INPUT DATA:
- - -

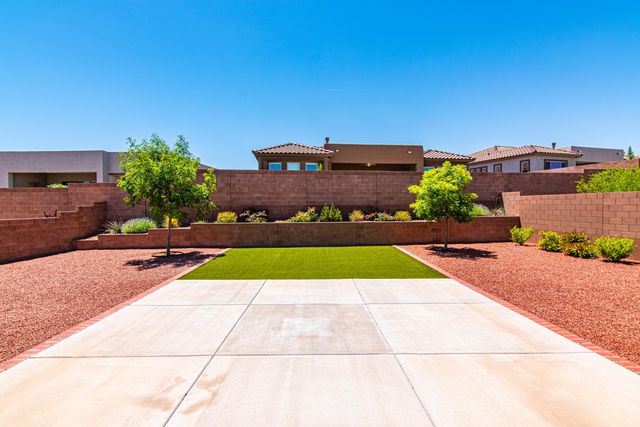 9216 Crystal Creek Lane NW, Albuquerque, NM 87120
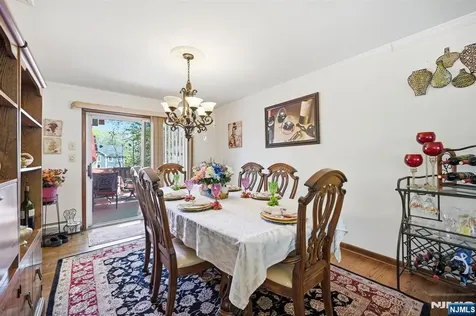27 Pennsylvania Avenue Montvale NJ 07645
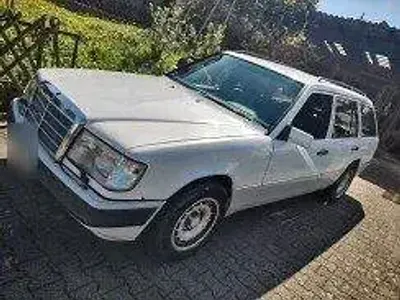 Gebraucht Mercedes 230 136 PS (100 kW) 1991 Weiß Kombi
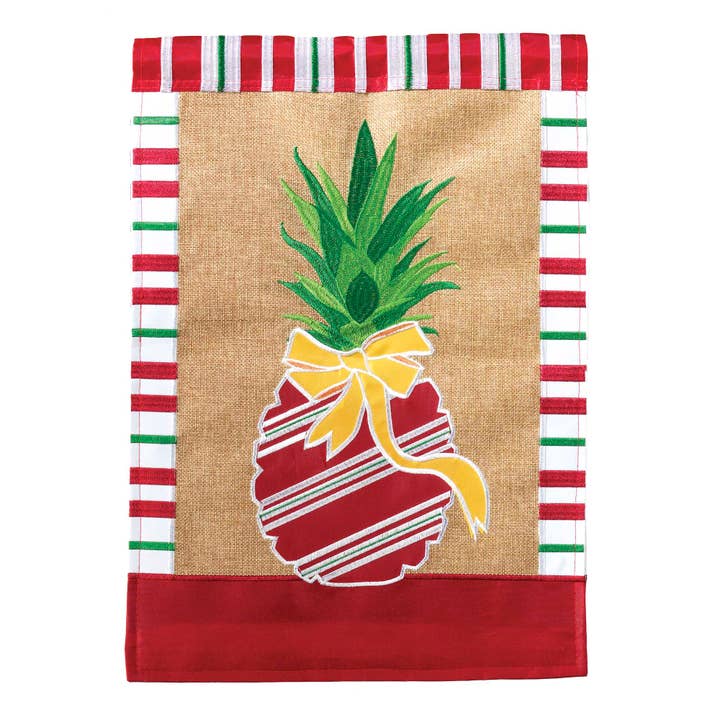 😲 Pineapple Burlap Garden Flag for wholesale by Magnolia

- - -

YOUR ASSIGNMENT:
Leaving out the pictures, reproduce the whole listing above exactly.

SOLUTION:
 9216 Crystal Creek Lane NW, Albuquerque, NM 87120
27 Pennsylvania Avenue Montvale NJ 07645
 Gebraucht Mercedes 230 136 PS (100 kW) 1991 Weiß Kombi
 😲 Pineapple Burlap Garden Flag for wholesale by Magnolia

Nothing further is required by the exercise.